Creo que el problema es que tendemos a sobrepensar. Si yo dijera ahora que el noventa por ciento de nuestra actividad mental, de la espesa argamasa formada por nuestros pensamientos conscientes e inconscientes no sólo es inútil, sino que resulta hasta perjudicial para nuestra felicidad, estoy convencido de que la mayor parte de mis lectores creería que he perdido el juicio. Pero creo honestamente que es así.
Durante cientos de miles de años nuestros ancestros aprendieron la importancia de la intuición y del primer impulso. Dos homínidos poco versados en el arte de la depilación deambulan por la selva. De pronto, escuchan un extraño sonido que procede de la espesura. Uno de ellos corre y, trepando, se refugia de inmediato en las ramas de un árbol. El otro trata de adivinar de dónde procede el ruido y cuál es su causa exacta. Adivinen cual de los dos acaba convertido en una merienda-cena alta en proteínas.

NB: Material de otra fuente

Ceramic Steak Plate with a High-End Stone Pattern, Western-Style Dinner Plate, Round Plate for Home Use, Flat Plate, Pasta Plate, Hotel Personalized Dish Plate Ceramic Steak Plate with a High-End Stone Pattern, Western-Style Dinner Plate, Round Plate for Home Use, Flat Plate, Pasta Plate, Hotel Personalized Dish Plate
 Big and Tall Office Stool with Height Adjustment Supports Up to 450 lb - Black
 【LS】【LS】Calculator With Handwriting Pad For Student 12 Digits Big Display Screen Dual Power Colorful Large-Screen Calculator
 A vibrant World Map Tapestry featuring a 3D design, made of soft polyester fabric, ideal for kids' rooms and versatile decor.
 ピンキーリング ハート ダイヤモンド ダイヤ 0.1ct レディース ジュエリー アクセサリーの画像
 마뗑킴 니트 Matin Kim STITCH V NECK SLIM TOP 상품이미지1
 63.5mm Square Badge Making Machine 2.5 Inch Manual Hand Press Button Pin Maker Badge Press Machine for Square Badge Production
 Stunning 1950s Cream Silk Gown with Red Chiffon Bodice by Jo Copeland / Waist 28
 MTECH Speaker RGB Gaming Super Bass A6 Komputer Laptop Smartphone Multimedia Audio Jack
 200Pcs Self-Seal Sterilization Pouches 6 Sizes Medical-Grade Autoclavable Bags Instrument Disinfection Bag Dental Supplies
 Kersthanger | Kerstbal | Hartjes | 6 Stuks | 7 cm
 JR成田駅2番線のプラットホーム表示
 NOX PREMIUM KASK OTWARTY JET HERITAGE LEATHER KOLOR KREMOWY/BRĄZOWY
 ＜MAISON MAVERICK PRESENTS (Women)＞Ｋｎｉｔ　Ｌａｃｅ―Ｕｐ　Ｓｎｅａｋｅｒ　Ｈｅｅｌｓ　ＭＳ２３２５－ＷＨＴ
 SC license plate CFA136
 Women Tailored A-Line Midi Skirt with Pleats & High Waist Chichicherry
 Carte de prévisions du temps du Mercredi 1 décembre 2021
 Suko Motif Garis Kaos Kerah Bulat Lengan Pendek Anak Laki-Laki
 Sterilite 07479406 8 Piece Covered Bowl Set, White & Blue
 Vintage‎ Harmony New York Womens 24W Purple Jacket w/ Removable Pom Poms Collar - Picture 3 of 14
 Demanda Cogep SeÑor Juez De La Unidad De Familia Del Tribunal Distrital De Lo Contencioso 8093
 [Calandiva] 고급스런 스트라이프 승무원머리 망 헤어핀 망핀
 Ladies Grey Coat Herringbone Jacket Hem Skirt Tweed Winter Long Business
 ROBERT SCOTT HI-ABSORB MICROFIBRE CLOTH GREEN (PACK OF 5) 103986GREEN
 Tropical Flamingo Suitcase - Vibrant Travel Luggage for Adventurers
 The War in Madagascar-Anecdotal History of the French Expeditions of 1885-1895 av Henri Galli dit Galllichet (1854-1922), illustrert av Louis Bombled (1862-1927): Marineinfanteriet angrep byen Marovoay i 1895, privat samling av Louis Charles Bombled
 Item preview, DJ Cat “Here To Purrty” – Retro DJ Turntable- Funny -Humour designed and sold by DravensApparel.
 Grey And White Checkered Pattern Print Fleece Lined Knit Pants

En el colegio y en la educación en general se ponderan las virtudes de la reflexión y de la lógica. Y está bien que sea así: sin ellas seguiríamos habitando en cuevas, vestidos con pieles de conejo y muriendo al filo de la adolescencia. Pero casi todas las virtudes humanas importantes -la sensibilidad, el coraje, la ternura, la bondad y, por supuesto, la capacidad de amar- son pre-racionales. Si, pre-racionales, tal y como lo oyen.
Una persona que contempla a otra que se ahoga y se lanza a rescatarla no lo hace porque realice un exhaustivo análisis coste-beneficio. Lo hace porque se lo piden sus tripas. Con el afecto ocurre lo mismo: si tu padre no te da el mejor trozo de carne ni es un padre de verdad ni es nada. Y ya no digamos con el amor: si tu novio acepta con total naturalidad pasar un mes en cuarentena lejos de ti a lo mejor te conviene sopesar si tanta racionalidad sanitaria no es, en realidad, una mala señal afectiva.
Amos Oz lo explica mucho mejor que yo: "Aquellos que no se entusiasman por nada se enfrían y comienzan a morirse. Hay que empezar a desear de verdad. Coger la vida con las dos manos para que no se escape, si es que comprendéis lo que quiero decir. Si no, todo está perdido".
Esa es una gran verdad y lo es también ahora, en medio de esta tormenta, que algún día también se acabará, como acabaron todas las demás que la precedieron y como lo harán todas las que están por venir.